Fecomércio discute cota de jovens aprendizes com a superintendência regional do MTE
A Fecomércio SC e o Sindicato do Comércio Varejista de Balneário Camboriú – Sincomércio promoveram, na manhã desta quinta-feira, dia 12, uma reunião com o superintendente regional do Ministério do Trabalho e Emprego, Luiz Miguel Viegas, para discutir a aplicação da Lei 10.097, a chamada Lei do Jovem Aprendiz, que estabelece a cota obrigatória para a profissionalização de adolescentes e jovens, entre 5% e 15% do efetivo das empresas.
De acordo com o diretor executivo da Fecomércio SC, Marcos Arzua, o objetivo da reunião é fazer a aproximação e a intermediação entre o que determina a lei e a realidade das empresas, tendo em vista uma operação de fiscalização realizada recentemente pela Superintendência Regional do MTE nas empresas da região. "As empresas já enfrentam dificuldades na contratação de mão de obra normal na situação de pleno emprego que vivemos atualmente, o que dirá entre esses jovens aprendizes.
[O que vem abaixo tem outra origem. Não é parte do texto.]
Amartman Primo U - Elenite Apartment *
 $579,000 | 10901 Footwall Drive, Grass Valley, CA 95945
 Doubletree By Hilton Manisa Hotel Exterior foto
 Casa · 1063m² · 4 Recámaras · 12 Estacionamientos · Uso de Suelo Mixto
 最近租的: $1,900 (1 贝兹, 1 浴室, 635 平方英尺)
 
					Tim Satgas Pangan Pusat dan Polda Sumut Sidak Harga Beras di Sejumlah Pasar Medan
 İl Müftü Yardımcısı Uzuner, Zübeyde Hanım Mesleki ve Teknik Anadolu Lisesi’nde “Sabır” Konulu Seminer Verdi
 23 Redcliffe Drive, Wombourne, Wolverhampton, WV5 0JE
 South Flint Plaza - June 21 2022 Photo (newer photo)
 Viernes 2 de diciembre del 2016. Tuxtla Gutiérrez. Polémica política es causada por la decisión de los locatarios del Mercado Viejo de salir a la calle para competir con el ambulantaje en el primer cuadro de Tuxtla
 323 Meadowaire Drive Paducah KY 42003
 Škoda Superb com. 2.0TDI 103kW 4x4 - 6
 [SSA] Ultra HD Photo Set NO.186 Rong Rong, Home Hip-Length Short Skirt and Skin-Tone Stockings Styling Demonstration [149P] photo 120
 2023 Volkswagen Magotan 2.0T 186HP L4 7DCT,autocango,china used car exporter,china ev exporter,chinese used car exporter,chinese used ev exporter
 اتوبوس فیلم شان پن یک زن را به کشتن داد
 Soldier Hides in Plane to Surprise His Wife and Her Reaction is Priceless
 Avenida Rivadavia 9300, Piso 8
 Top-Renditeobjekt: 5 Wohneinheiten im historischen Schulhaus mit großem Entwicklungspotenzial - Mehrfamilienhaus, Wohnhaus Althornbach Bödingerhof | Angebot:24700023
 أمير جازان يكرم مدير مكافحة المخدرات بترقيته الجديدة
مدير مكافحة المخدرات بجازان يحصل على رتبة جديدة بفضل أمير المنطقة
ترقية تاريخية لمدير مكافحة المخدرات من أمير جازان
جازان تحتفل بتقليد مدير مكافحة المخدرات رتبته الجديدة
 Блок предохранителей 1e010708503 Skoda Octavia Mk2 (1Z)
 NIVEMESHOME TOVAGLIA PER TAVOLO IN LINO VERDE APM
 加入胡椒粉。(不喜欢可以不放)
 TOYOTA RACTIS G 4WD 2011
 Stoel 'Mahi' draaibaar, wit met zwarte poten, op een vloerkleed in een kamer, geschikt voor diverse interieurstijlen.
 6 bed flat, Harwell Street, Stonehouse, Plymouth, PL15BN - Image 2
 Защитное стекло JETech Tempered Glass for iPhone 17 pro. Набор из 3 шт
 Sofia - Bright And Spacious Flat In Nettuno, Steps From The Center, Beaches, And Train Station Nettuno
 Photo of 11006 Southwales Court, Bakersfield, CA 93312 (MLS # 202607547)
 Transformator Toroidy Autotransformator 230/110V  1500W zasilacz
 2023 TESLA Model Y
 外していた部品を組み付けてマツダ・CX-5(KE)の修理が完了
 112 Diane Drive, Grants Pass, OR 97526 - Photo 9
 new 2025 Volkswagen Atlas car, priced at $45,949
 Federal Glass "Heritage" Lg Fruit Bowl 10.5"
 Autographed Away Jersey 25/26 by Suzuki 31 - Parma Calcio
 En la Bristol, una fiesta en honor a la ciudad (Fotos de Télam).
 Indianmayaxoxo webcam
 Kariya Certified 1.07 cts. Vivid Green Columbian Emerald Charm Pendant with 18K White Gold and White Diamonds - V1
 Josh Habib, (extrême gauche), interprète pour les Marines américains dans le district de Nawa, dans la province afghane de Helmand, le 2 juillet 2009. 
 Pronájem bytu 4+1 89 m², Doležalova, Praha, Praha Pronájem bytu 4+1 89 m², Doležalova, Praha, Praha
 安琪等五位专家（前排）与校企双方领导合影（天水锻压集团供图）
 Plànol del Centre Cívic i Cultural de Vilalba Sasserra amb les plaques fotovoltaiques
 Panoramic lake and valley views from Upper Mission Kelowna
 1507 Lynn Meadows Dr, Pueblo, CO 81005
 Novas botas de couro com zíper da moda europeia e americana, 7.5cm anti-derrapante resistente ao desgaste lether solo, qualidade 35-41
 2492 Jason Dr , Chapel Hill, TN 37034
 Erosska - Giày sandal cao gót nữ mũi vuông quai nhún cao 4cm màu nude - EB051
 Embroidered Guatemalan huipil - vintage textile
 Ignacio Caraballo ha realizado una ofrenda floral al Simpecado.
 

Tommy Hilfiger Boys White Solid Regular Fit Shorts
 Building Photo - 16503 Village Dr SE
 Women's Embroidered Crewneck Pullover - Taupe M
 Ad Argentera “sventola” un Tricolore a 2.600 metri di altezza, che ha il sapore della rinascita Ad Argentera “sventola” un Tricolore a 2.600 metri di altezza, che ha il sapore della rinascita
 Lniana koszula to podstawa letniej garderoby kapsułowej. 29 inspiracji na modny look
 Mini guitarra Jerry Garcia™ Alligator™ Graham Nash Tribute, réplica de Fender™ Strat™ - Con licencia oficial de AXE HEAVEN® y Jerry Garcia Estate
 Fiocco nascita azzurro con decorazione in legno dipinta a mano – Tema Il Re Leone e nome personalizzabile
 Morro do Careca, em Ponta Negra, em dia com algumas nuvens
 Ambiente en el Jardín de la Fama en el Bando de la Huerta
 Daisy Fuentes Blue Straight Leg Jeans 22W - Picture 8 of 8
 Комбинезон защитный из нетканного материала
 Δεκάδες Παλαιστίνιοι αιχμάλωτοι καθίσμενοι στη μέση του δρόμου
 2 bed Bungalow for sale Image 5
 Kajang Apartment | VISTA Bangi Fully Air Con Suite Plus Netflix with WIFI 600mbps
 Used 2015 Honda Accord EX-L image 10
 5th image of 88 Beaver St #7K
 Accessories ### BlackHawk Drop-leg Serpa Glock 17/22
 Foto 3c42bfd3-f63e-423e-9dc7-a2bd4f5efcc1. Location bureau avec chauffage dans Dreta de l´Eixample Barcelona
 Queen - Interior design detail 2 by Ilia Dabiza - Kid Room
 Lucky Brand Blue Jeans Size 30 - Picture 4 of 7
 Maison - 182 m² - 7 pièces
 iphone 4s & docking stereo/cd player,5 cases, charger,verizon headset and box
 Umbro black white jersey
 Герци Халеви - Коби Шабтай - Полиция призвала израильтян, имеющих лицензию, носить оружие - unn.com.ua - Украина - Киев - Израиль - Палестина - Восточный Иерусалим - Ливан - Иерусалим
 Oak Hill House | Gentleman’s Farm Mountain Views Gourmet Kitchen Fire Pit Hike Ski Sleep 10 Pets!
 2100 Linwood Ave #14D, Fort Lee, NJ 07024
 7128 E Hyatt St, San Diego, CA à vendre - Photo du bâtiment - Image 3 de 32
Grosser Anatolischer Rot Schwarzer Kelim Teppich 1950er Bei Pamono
Só na nossa base de Balneário Camboriú, temos 4 mil empresas, mas, na região que vai de Bombinhas a Piçarras, temos apenas 200 alunos matriculados nos 15 cursos disponibilizados pelo Senac. Cumprir o que determina a lei, nessa situação, é praticamente impossível. É preciso haver a sensibilidade por parte da fiscalização do MTE e, também, do Ministério Público do Trabalho", declarou Arzua.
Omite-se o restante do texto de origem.